Miedo a la oscuridad.
Aún antes de saber que vamos a morir, o siquiera a saber que tal vez algún día nos enamoraremos, existe la certeza de la oscuridad. Termina el Padre Sol su jornada laboral, no somos nada sin él. La teoría de cuerdas o las diez mil cuarenta dimensiones de Michio Kaku palidecen sólo de enfrentar la realidad inevitable: la otra dimensión está aquí, y es la noche.

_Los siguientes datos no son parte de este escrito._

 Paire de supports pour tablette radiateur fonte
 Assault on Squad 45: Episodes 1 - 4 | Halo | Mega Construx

Se entiende perfecto entonces el hecho de tener en el astro rey a la más potente de las deidades: Inti, en Perú; Ra, en Egipto; Helios en Grecia; Cristo con los hebreos; Tonatiuh con los aztecas... todos gozaron de pleitesía infinita de parte de sus creyentes, quienes prefirieron entregar sus vidas al servicio del honorable, que quedarse a tientas en la oscuridad. Las tinieblas son cabronas.

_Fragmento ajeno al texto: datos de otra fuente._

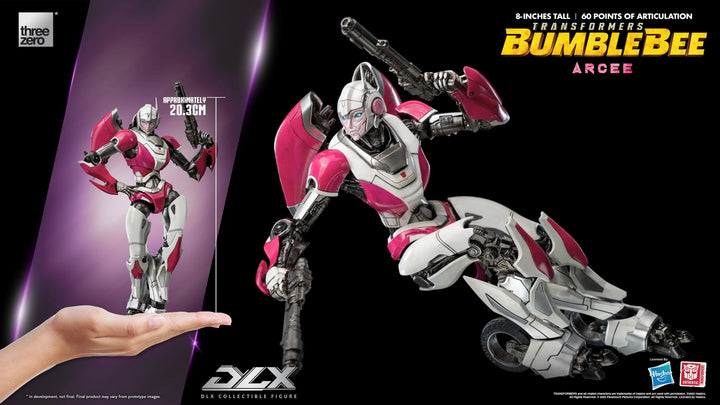 Threezero Transformers Bumblebee DLX Scale Collectible Series Arcee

Nada más hacerle frente a la naturaleza ya de por sí despiadada de día, ahora de noche, el miedo estaba más que justificado, si se habla de los albores de la civilización. La oscuridad fue sinónimo de bichos y bestias indescriptibles (si no se veían, cómo se iban a describir, ¿verdad? ¡dahh!), pero también de la oportunidad de dejar volar la imaginación, esa que no se amedrenta a plena luz, pero que encuentra su elemento en los recovecos de la madrugada o la cálida estimulante luz de una lámpara o una vela. Los humanos no le tememos en realidad a la oscuridad, nos aterra nuestra cabeza, nos inmovilizamos, volvemos increíblemente vulnerables ante lo que pensamos que es. 

El coco no es el eterno espectro de nuestra niñez, es la transfiguración semántica de un temor mucho más profundo y encarnado, es el miedo a uno mismo, a lo que no conocemos, a la sensación de soledad que no se cura ni en la más presumible madurez, ni se aplaca prendiendo el foquito del baño. La oscuridad es la acuarela que ha instalado la muerte en el museo de la vida, y por tanto, sabemos insalvable.

Continuará...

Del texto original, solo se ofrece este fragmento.